American lawyer and politician

Raymond Clinton Cole (August 21, 1870 – February 8, 1957) was an American lawyer and politician who served three terms a U.S. Representative from Ohio from 1919 to 1925. He was the brother of Ralph Dayton Cole, who also served in Congress.

==Biography ==
Born in Biglick Township, near Findlay, Ohio, Cole attended the common schools and Findlay College, Findlay, Ohio.
He taught school nine years.
He was graduated from the law department of Ohio Northern University at Ada in 1900.

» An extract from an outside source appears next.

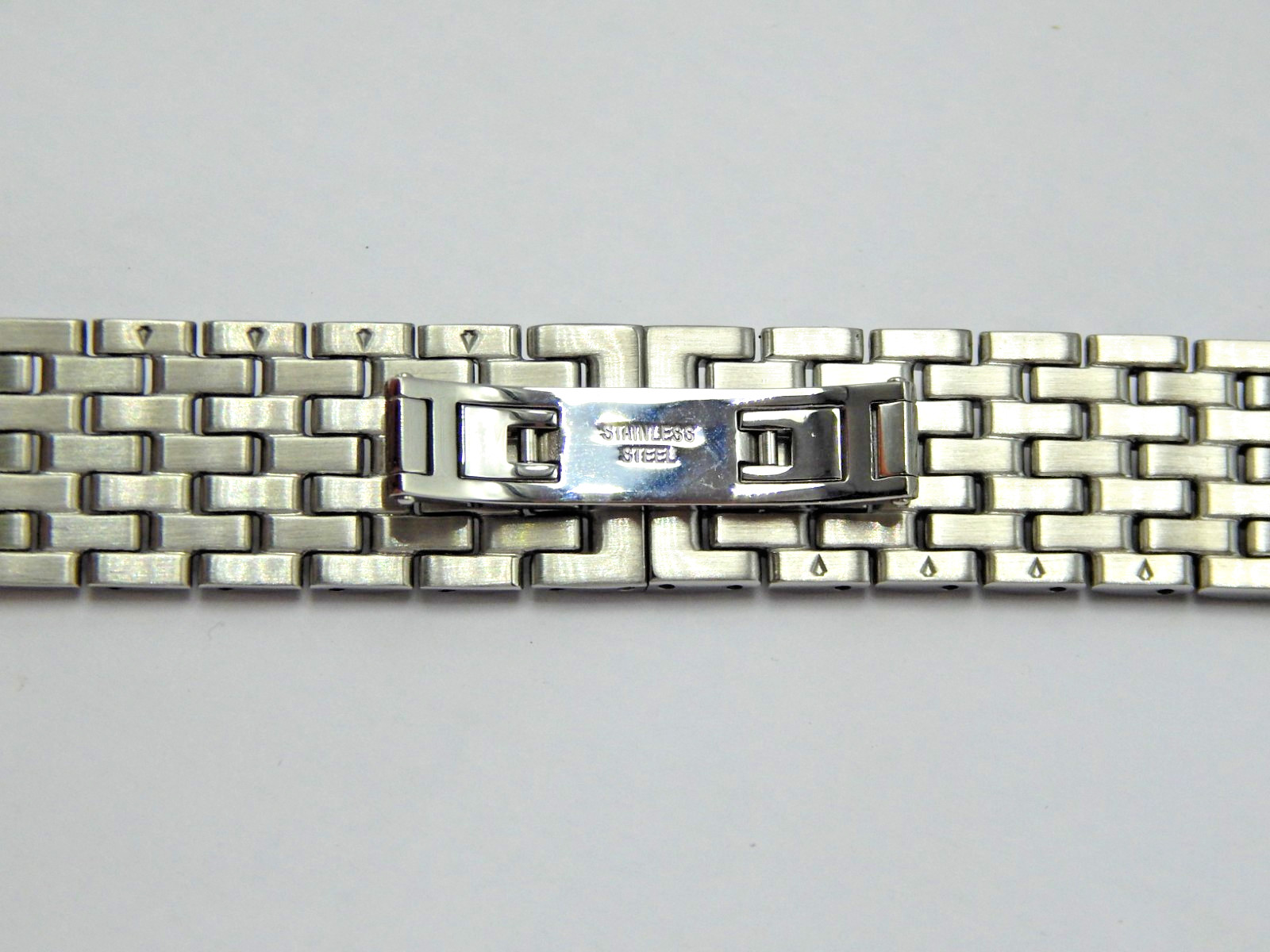 Silver Beads of Rice Butterfly clasp watch band 13mm Center Link Lucien Piccard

He was admitted to the bar of Ohio the same year and commenced practice in Findlay, Ohio, in 1901.

=== National Guard ===
He served as member of the Ohio National Guard from 1903 to 1913.
He served as city solicitor from 1912 to 1916.

=== Congress ===
Cole was elected as a Republican to the Sixty-sixth, Sixty-seventh, and Sixty-eighth Congresses (March 4, 1919 – March 3, 1925).
He served as chairman of the Committee on Elections No. 1 (Sixty-eighth Congress).

He was an unsuccessful candidate for reelection in 1924 to the Sixty-ninth Congress.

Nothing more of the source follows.